Source data:
◆ ◆ ◆

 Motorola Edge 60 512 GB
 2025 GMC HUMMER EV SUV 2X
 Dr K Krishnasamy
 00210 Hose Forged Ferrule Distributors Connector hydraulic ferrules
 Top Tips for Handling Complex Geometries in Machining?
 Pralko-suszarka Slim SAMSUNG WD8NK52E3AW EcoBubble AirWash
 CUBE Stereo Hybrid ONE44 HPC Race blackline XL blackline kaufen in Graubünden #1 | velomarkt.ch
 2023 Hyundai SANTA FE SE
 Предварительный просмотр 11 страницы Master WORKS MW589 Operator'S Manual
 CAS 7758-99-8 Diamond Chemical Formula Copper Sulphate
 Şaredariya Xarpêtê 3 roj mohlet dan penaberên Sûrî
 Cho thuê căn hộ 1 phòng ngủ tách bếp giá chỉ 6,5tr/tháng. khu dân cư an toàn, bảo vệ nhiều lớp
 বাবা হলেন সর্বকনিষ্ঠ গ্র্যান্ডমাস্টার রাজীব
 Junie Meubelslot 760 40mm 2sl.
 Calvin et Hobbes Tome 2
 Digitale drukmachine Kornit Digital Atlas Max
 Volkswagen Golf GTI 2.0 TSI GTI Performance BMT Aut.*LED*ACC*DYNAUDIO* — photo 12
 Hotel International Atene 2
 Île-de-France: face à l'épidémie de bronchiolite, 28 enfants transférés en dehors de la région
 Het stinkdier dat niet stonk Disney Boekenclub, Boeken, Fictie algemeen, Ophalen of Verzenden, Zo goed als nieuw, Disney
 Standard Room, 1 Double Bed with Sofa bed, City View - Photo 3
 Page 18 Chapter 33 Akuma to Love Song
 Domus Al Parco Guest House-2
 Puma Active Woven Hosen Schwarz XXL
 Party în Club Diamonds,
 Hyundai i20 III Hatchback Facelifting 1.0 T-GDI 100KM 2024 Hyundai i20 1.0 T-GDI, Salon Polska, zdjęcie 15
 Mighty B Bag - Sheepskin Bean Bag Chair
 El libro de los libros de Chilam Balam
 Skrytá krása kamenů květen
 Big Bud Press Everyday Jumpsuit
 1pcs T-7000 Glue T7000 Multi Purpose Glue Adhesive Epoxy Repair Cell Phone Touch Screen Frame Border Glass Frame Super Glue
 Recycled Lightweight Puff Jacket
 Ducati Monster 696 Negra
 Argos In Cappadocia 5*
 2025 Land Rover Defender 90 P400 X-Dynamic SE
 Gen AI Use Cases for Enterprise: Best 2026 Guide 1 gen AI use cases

◆ ◆ ◆

Requirement: Go to the line with "Cho thuê căn" in the entries above and repeat every line from there through the line with "Digitale drukmachine Kornit", exactly and with no other text.

Answer to this task:
 Cho thuê căn hộ 1 phòng ngủ tách bếp giá chỉ 6,5tr/tháng. khu dân cư an toàn, bảo vệ nhiều lớp
 বাবা হলেন সর্বকনিষ্ঠ গ্র্যান্ডমাস্টার রাজীব
 Junie Meubelslot 760 40mm 2sl.
 Calvin et Hobbes Tome 2
 Digitale drukmachine Kornit Digital Atlas Max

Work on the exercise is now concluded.